The pharmaceutical markets that currently have a serialization and/or tracing regulation on the books include the United States, the European Union, China, Brazil, India, Italy, Turkey, South Korea, Argentina, Saudi Arabia and Jordan. Not all are fully operational yet, but they are official. This list may be about to grow by two.
The Eurasian Economic Union, which includes Russia and 5 other countries, and Pakistan have circulated or published draft proposals that would each impose some form of serialization and tracing on drugs in their respective supply chains. I know this because I am a member of GS1 Healthcare’s Public Policy work group where early news and drafts of proposed legislation and regulations related to healthcare product identification are collected and shared. That group maintains a repository of the key documents, including official and unofficial translations. As a member, I cannot share documents that are not available from their original source and so far, I have not found these on the open internet. That’s not surprising since they are only proposals. They are probably in limited circulation. But I can share with you some of the proposed characteristics contained within those drafts.

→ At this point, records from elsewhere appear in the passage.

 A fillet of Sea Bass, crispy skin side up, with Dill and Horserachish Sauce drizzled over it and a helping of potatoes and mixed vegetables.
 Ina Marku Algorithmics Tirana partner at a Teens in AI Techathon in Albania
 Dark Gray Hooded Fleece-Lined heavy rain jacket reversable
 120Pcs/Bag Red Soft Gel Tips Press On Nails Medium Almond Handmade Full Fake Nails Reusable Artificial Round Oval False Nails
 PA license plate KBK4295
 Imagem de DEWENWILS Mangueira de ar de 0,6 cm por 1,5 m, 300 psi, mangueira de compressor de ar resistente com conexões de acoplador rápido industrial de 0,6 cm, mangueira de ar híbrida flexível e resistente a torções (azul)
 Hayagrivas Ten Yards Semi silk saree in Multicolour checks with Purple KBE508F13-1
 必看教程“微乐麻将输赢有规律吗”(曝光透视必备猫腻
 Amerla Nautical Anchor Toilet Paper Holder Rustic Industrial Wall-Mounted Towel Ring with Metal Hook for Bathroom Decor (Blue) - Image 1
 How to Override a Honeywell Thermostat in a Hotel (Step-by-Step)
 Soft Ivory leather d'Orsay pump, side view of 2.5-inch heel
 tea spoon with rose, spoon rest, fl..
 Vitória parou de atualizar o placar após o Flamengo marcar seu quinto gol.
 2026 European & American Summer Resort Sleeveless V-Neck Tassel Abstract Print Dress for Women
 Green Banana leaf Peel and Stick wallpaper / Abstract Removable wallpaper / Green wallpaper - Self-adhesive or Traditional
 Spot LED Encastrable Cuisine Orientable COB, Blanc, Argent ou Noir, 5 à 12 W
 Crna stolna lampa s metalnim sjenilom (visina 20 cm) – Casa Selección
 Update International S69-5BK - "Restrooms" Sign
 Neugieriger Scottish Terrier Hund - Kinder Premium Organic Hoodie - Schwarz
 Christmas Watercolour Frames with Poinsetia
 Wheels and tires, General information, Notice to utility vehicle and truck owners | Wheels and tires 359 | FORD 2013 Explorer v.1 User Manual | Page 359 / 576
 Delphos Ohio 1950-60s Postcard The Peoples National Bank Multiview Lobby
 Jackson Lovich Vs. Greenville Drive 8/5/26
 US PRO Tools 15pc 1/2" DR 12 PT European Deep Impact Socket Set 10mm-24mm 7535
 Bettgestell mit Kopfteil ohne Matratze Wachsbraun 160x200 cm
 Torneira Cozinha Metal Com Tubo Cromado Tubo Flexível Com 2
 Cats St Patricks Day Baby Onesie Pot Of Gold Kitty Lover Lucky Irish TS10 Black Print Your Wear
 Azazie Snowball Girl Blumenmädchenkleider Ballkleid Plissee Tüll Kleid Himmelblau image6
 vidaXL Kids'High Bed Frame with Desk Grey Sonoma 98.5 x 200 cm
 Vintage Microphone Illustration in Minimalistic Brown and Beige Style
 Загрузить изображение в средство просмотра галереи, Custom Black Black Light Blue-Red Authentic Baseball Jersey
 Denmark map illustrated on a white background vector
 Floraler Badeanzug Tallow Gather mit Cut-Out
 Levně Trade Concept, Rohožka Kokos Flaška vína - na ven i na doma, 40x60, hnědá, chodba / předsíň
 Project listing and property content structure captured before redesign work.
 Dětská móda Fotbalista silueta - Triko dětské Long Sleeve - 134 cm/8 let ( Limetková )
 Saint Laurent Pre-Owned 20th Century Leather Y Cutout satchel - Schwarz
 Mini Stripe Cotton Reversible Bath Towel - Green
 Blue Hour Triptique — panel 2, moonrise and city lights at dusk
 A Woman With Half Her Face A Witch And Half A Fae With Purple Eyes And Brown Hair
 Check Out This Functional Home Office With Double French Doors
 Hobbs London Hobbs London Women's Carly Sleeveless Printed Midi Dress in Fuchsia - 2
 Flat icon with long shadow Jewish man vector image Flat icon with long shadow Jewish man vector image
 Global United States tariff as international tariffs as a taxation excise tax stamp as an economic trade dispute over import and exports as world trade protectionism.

The draft document is a concept paper apparently from the Government of the Russian Federation but it is unclear exactly which branch of the government it comes from. However, it is a 53 page document that contains text, tables, architectural diagrams and a few flowcharts. Clearly a lot of time and effort has gone into its development. Which is why global pharma companies should pay attention. The proposed timelines are short.
Unfortunately, translating the Russian language is difficult. I use Google Translate, but the resulting English is sometimes confusing and subject to your own further interpretation. I have heard concerns by others (who have apparently employed a professional interpreter), that the proposed regulation requires drug manufacturers to apply for serial numbered, pre-printed labels from the government, which would then be shipped to the manufacturer for application to the product. I don’t see that when I use Google Translate on the sections of the document that discuss the labeling requirements. So we have a difference in our interpretation. I guess it’s the professional vs. the machine. Which do you trust?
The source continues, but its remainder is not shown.